*Recorded information*:
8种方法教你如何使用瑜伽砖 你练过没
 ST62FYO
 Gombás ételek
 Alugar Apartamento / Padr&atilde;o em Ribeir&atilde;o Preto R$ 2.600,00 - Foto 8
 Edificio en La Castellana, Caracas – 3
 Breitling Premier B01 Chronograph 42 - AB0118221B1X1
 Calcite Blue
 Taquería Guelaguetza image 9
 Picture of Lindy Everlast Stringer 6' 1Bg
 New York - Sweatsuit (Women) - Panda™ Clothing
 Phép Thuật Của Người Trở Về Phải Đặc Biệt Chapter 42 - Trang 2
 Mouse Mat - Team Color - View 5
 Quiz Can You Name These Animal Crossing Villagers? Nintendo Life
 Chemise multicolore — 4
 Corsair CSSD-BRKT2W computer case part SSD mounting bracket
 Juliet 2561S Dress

*To do*: Please transcribe the full listing exactly, down to the last line.

*Exercise response*:
8种方法教你如何使用瑜伽砖 你练过没
 ST62FYO
 Gombás ételek
 Alugar Apartamento / Padr&atilde;o em Ribeir&atilde;o Preto R$ 2.600,00 - Foto 8
 Edificio en La Castellana, Caracas – 3
 Breitling Premier B01 Chronograph 42 - AB0118221B1X1
 Calcite Blue
 Taquería Guelaguetza image 9
 Picture of Lindy Everlast Stringer 6' 1Bg
 New York - Sweatsuit (Women) - Panda™ Clothing
 Phép Thuật Của Người Trở Về Phải Đặc Biệt Chapter 42 - Trang 2
 Mouse Mat - Team Color - View 5
 Quiz Can You Name These Animal Crossing Villagers? Nintendo Life
 Chemise multicolore — 4
 Corsair CSSD-BRKT2W computer case part SSD mounting bracket
 Juliet 2561S Dress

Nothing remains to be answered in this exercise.